Pornography Law

Hi Guys - Long time lurker first time poster - in fact I haven’t been to the Straight Dope for quite some time - we have to pay now? :frowning:

My question is - What are the pornography laws in the U.K (where I’m from) and the U.S. How do they differ?

My knowledge (which may well be wrong!) is that in the U.K, Child Pornography and Bestiality are illegal, but nothing else. Is that true? I’m pretty sure that the newspapers here print pictures of topless girls aged 16+, but is the age for naked pictures on the internet 18?

So - what can I own? What can I download? What can I take myself? What can I make a website about? How do these rules differ from the U.S?

Disclaimer - This is a topic that came up in a conversation with some friends a week ago - I like to be better informed when we have a discussion!

IANAL, etc. In the US, “obscenity” (which is not the same from a legal standpoint as “pornography”) is defined in the US Supreme Court case Miller v California as material which

“the average person, applying contemporary community standards” would find that the work, taken as a whole, appeals to the prurient interest, (b) whether the work depicts or describes, in a patently offensive way, sexual conduct specifically defined by the applicable state law, and © whether the work, taken as a whole, lacks serious literary, artistic, political, or scientific value.

IIRC, the only form of pornography which is banned outright in the United States is that which depicts real people who were under the age of 18 at the time the material was produced. I believe sexually explicit actor portrayals of people under 18 (for example, Lolita) and material which does not involve actual people (for example, fictional stories or written fantasies) are protected speech. I haven’t followed the latest round of kiddie porn cases very closely so my information on that could be outdated.

Thanks Otto. What is the difference between Obscenity and Pornography then? My first guess would be Pornography (Legal), Obscenity (Illegal) but you’ve metioned underage pornography so it seems the law doesn’t make quite that distinction.

I have googled a bit on the subject - but nowhere have I found a list of… uh… “genres” and their respective legalities.

Pornography is writing (or visual art) which aims to sexually arouse its audience. It’s hard to get people to agree on just what is porn and what isn’t, but that’s the general definition. The word is derived from ancient words meaning prostitute and write.

I paraphrased that from my old heavy dictionary.
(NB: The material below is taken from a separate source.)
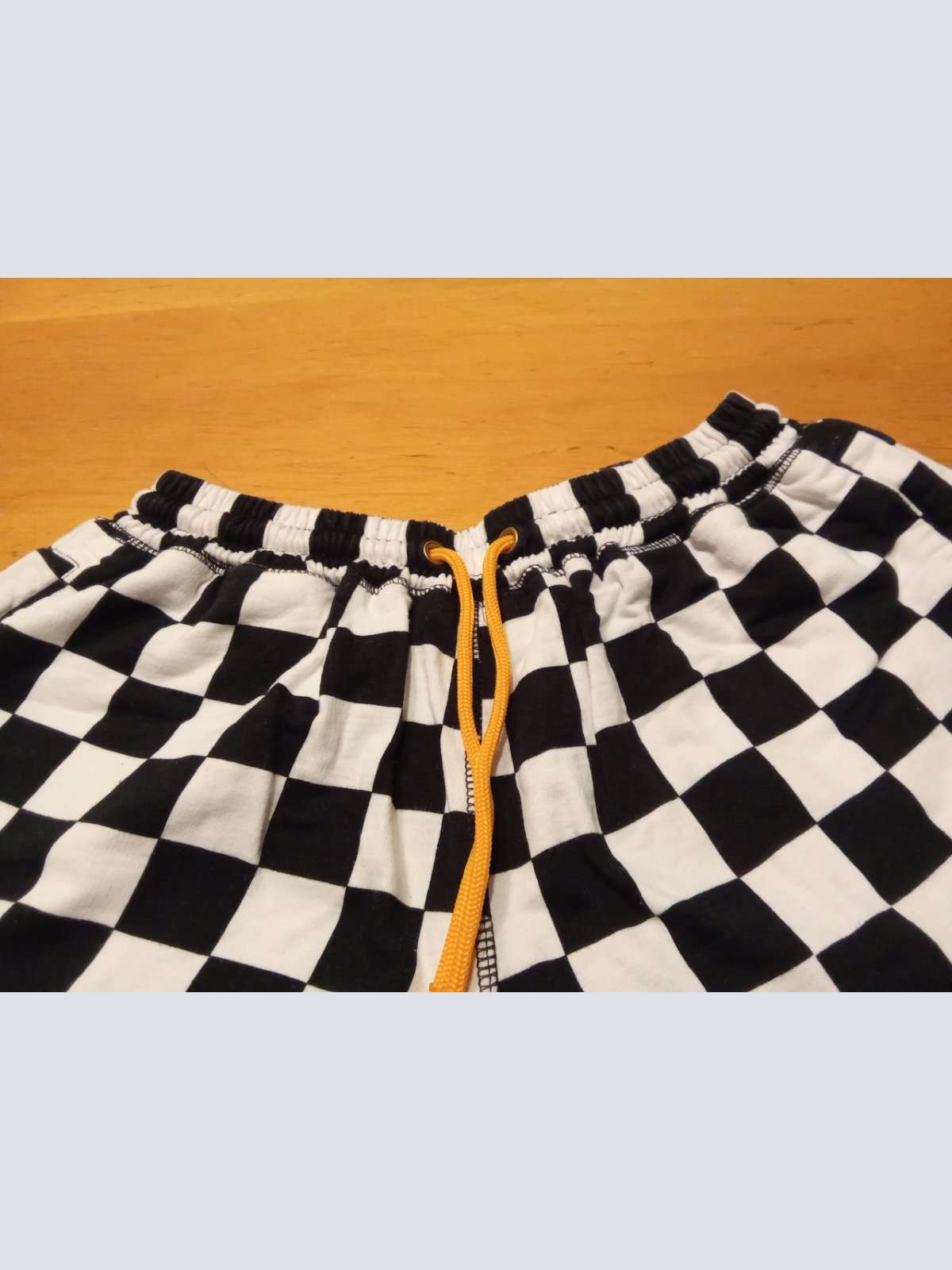 Sehr schöne kurze Hose von Cute Mistake in gr. S abzugeben.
I feel silly directly quoting from a dictionary.

Otto nicely wrapped up the courts’ definition of obscenity. It’s tricky to prosecute an obscenity case. Pornography is legal, unless a court rules that a particular work is obscene. Cities can often get away with limiting the location of stores that sell porn and their store hours. There are local rules about not selling porn near a church or school. Dealers usually don’t have the money to challenge these rules, so they don’t fight them.

The theory behind the law against child porn is that children cannot legally give consent to sexual actions. Therefore, titillating photos of underage people constitute exploitation and, in some cases, rape. One case a while back ruled that computer-graphic generated pictures of child sex were not illegal, because no actual children were exploited.

I’ve heard of some works which get around the “lacks serious… literary value” stipulation by having one of the performers recite Hamlet’s soliloqy in the middle of the video. After all, nobody’s going to argue that Shakespeare lacks literary value!

Probably not necessary, though, since it is so hard to prosecute obscenity. It’s really more a threat to annoy purveyors of adult materials, to the extent that the law is used at all.